[Work instruction]
Write out, word for word, the part of the listing below that opens with the line containing "Changan CS55 Plus" and closes with the line containing "Marlboro 給油口型 蓋付き灰皿　マルボロ F1のサムネイル", keeping both of those lines and adding no others.

[Records shown]
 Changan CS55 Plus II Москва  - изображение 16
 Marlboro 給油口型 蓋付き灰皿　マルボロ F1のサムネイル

---

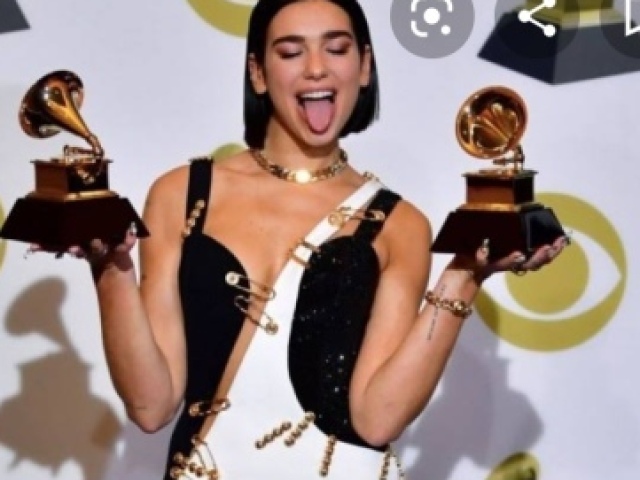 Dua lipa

[Task answer]
 Changan CS55 Plus II Москва  - изображение 16
 Marlboro 給油口型 蓋付き灰皿　マルボロ F1のサムネイル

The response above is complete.